## Data extract
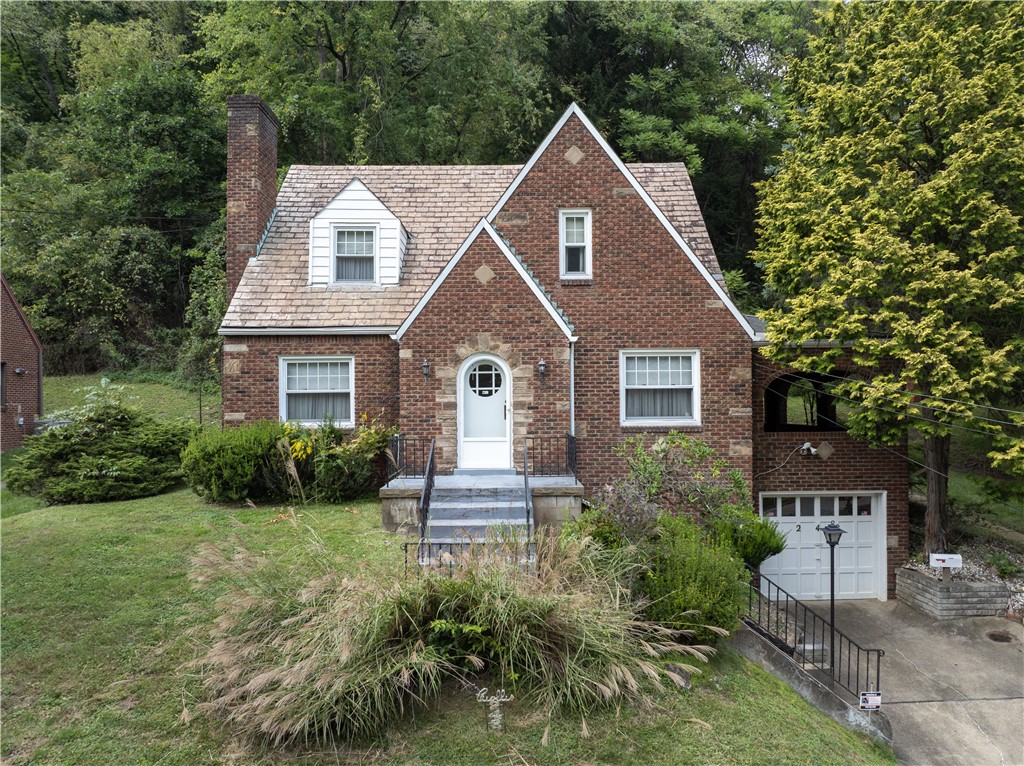 248 Glass Run Road — photo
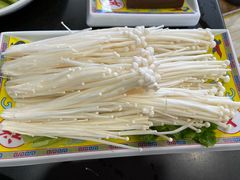 -芦月轩羊蝎子(北蜂窝店)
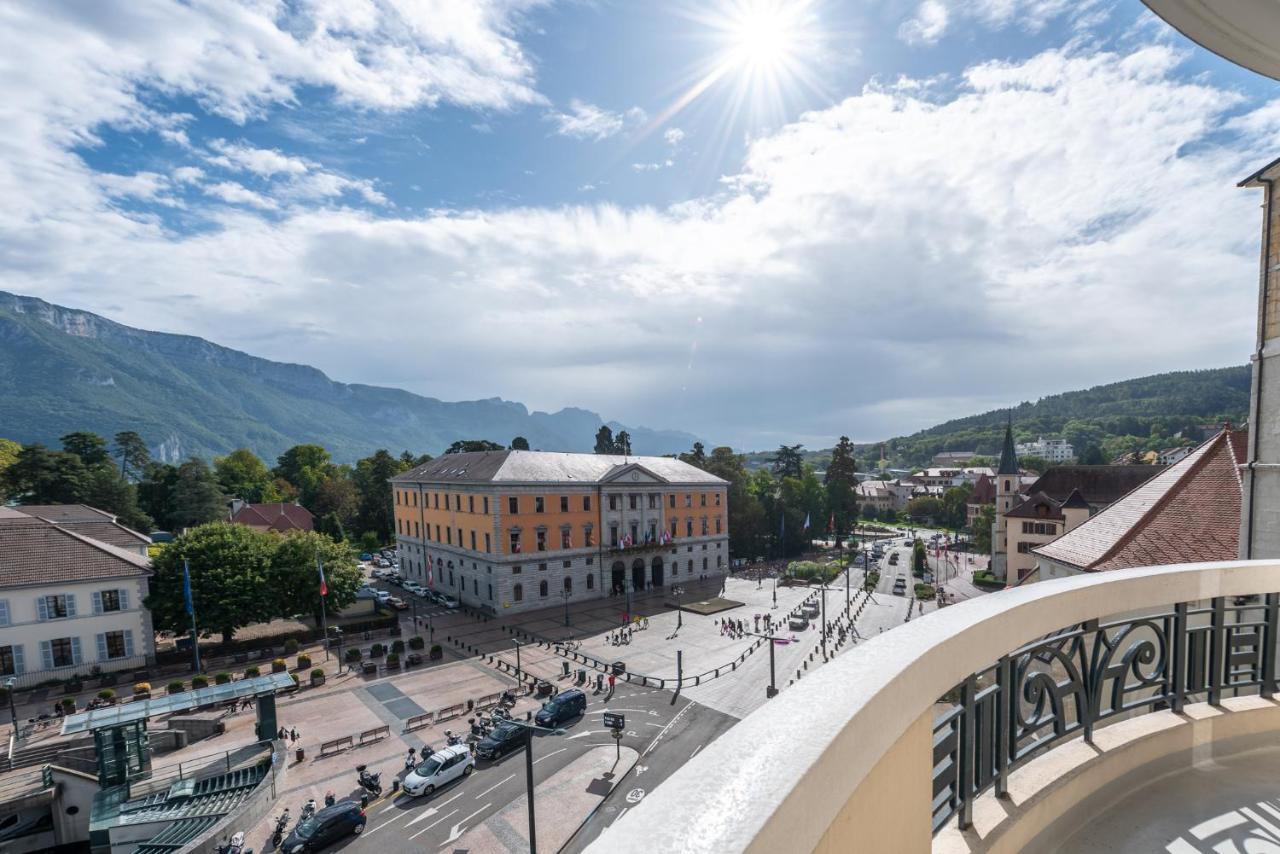 L'Annexe du Château Annecy Extérieur photo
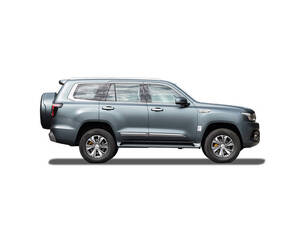 بايك BJ60 الخارجية 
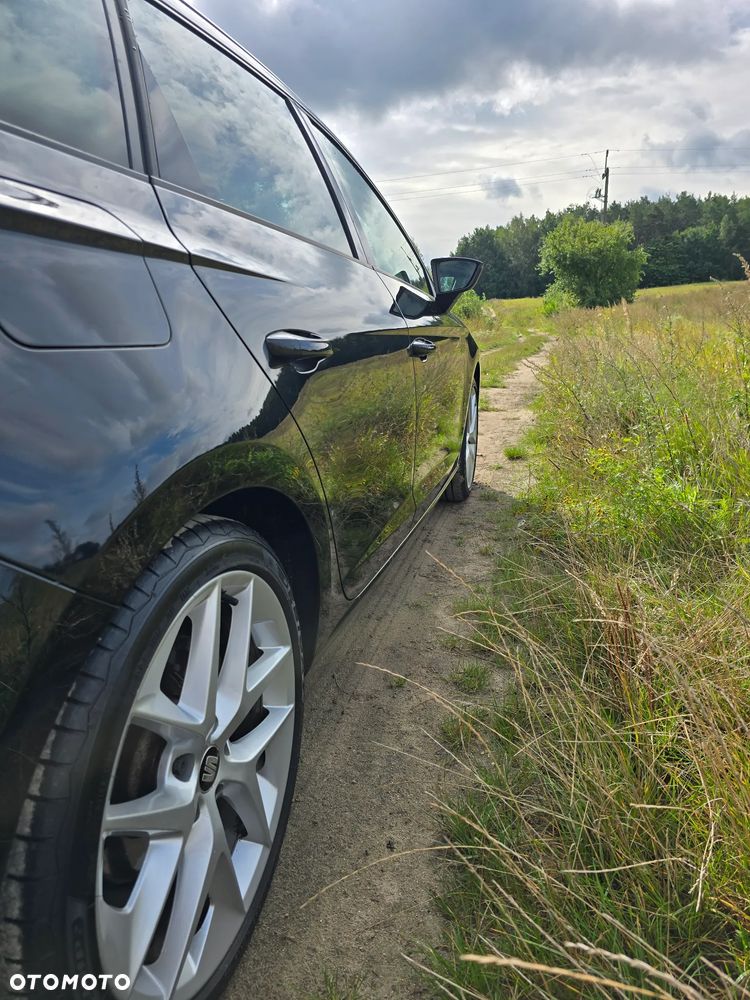 Seat Leon 1.6 TDI Full LED S&S - 9
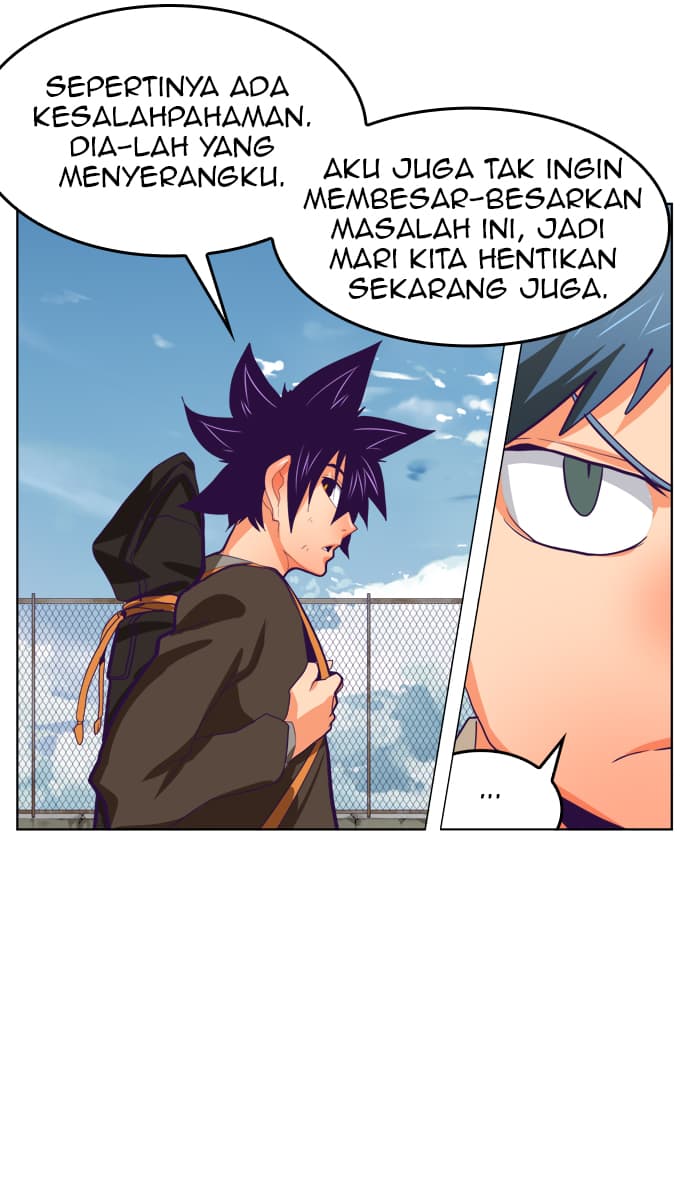 Chapter Komik
              The God of High School Chapter 318 - page 31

## Exercise brief
Please transcribe word for word the lines from the one bearing "L'Annexe du Château Annecy Extérieur photo" through the last line of the records above, omitting the pictures.

## Reply
 L'Annexe du Château Annecy Extérieur photo
 بايك BJ60 الخارجية 
 Seat Leon 1.6 TDI Full LED S&S - 9
 Chapter Komik
              The God of High School Chapter 318 - page 31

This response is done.